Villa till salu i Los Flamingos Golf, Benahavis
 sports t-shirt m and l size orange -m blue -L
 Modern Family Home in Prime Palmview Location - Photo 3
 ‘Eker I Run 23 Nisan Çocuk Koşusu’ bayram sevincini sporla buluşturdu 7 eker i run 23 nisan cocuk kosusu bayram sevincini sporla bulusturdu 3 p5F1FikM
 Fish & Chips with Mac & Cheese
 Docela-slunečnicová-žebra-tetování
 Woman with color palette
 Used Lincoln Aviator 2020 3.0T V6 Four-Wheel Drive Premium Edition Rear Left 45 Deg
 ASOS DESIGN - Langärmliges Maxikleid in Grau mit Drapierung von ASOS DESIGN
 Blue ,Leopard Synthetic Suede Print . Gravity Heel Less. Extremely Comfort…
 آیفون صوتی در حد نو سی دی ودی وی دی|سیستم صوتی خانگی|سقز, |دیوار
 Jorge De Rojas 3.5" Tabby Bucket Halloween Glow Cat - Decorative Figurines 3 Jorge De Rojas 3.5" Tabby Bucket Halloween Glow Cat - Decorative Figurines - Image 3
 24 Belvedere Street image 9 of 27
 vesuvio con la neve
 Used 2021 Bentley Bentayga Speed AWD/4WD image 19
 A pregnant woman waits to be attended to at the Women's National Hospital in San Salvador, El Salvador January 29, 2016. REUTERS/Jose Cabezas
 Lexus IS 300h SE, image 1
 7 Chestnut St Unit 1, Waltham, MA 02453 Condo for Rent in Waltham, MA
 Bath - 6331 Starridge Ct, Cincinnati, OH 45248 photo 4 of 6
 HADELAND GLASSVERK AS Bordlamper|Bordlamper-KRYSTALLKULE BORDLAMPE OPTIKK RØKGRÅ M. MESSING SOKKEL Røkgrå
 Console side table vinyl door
---
• **ACTIVITY**: Your task is to copy each line from the material above that includes the word "with".

• **EXERCISE ANSWER**:
 Fish & Chips with Mac & Cheese
 Woman with color palette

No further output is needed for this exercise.